Warning: This question is likely so stupid that I'm going to wish I had posted it anonymously to avoid ridicule, but what the hell :)
I find the subject of space exploration and colonization fascinating, but the incredible costs for access to space seem to be a nearly-insurmountable obstacle to true progress in these areas. I've recently become interested in the Google Lunar X Prize and started looking at the teams who are competing. While these teams are probably going to accomplish some amazing things, I suspect they're going to do it on the back of tens of millions in funding...is that truly the only way?
I guess my question is something like this: is there any theoretical way to win something like the Lunar X Prize for $1 million? $100k? $10k?
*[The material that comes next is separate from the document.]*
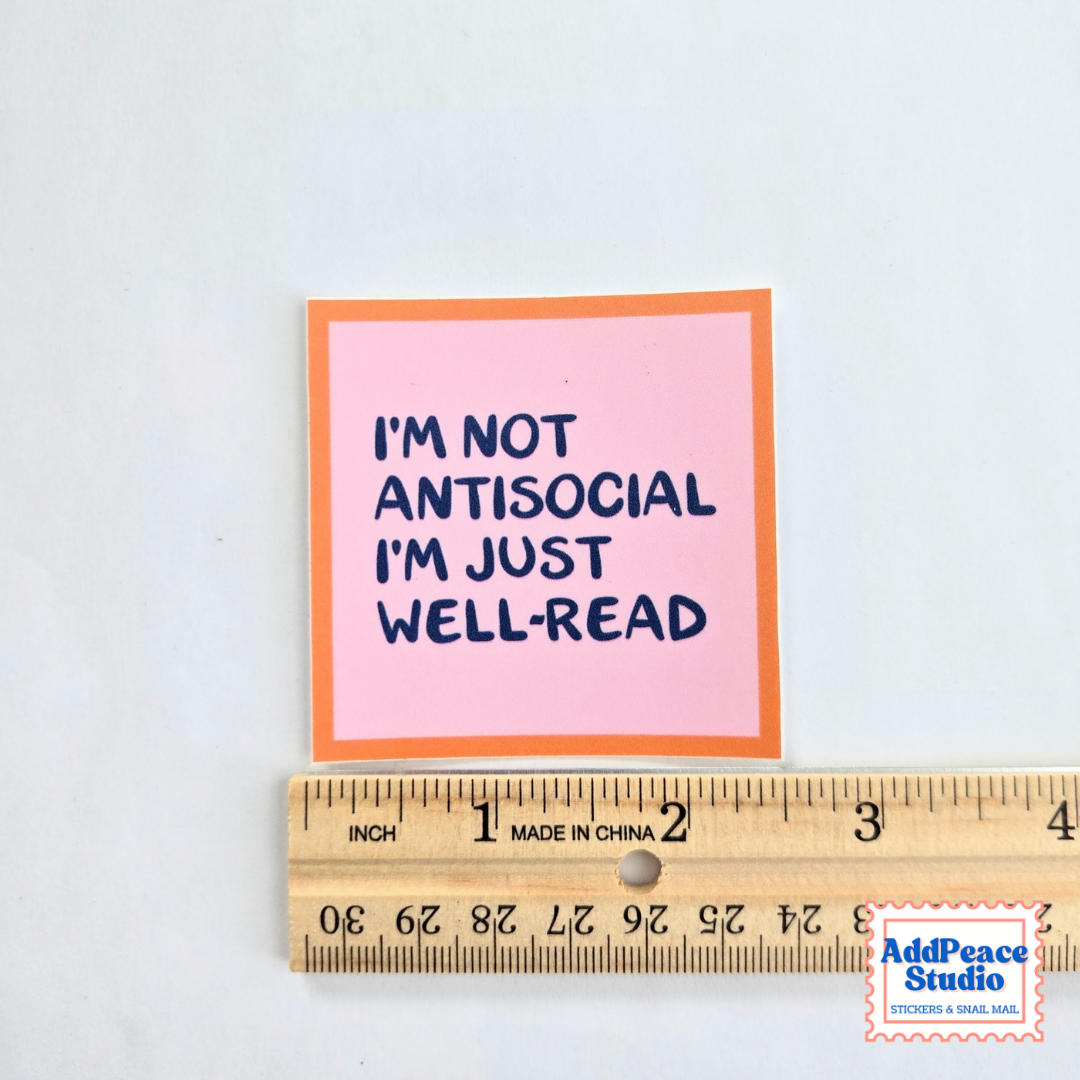 A square pink sticker with an orange border and navy blue text reading 'I'M NOT ANTISOCIAL I'M JUST WELL-READ' is shown above a wooden ruler on a white background. An 'AddPeace Studio' logo is in the bottom right corner.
Here are some ridiculous thoughts that I've had:
1. Using high-altitude balloons to cut down on launch costs.
2. Going small. Very small. Like a pound or two for the rover. Maybe smaller.
3. Getting the cost low enough that you can launch multiple missions, knowing that most will fail.
4. Travel to the moon over a period of months...would this reduce launch difficulty?
I'm sure I'm probably missing the scale of the problem here, and perhaps the simple laws of physics dictate that there's no cheap solution that we know of yet. Or is there?
The limiting factors here are obtaining a guidance and control system that is small enough to fit down your (admittedly large bore) low-pressure launch gun. Also, your gun would have to be pretty dang straight or your vehicle would have to be wrapped in a vibration-absorbing sabot.
The benefits are: 1) Once you have the gun, you can launch as many as you like; 2) Mass fraction as mentioned above; 3)The possibility of production-lining launch vehicle construction.
Not that I've given this any thought.
BTW, Bruckner et. al. at the University of Washington have been working on a ram accelerator, a type of launch gun, for years. The only thing slowing them is funding. They omit an airbreathing stage in favor of obtaining all the Delta-V in one shot, subjecting the payload to 700-1e3 Gs.